La confesión y el arrepentimiento como prácticas espirituales parecen haber quedado relegadas para los siglos en los que el cilicio y las penitencias formaban parte habitual de la fe. Épocas de beatas, monjas y monjes atormentados por la culpa de sus pecados.
Hoy, en cambio, la fe tiene otras urgencias. La fe pareciera estar al servicio de la comodidad psicológica, de la superación profesional y de la realización económica. Y, claro, examinar la conciencia y pedir perdón a Dios por el mal que hacemos podría resultar contrario a esos fines.
Pero ahí está el Padrenuestro recordándonos que la confesión es necesaria, además de conveniente y sanadora. Su práctica es señal de madurez, sobre todo cuando procede de un corazón consciente de nuestra falibilidad y que confronta con humildad la realidad del mal, connatural a la existencia humana.
Pedir perdón a Dios por los pecados limpia el alma, descansa el cuerpo y sana la mente (Salmo 32.1–3). La confesión de pecados es una práctica liberadora, que nos redime de la arrogancia de creer que somos perfectos, o de la insensatez de pensar que el mal ya no existe. Basta mirar nuestro propio corazón para encontrar en él la necesidad de repetir: “Perdónanos el mal que hemos hecho”.
Para seguir pensando
“Cuando descubrimos nuestras faltas, Dios las cubre. Cuando escondemos nuestras faltas, Dios las descubre. Cuando las reconocemos, Dios las olvida”.

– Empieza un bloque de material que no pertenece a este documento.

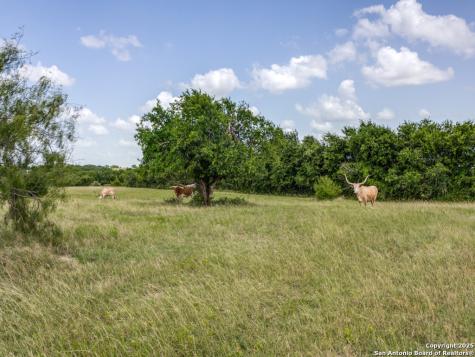 2186 Fm 470 Bandera TX 78003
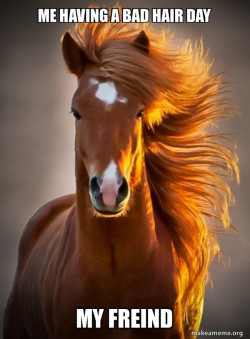 Ridiculously photogenic horse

— Agustín de Hipona (354–430)
Vale que nos preguntemos
¿En qué circunstancias o ante qué personas he actuado en forma equivocada? ¿Qué pasó? ¿Qué haré?
Oración
Vengo a ti, Señor, reconociendo mis limitaciones y pecados, acogiéndome a tu misericordia y rogando tu perdón. Dame el don de perdonar a los demás como tú me perdonas a mí. Acepto tu perdón y otorgo el perdón a quienes me han hecho mal. Amén.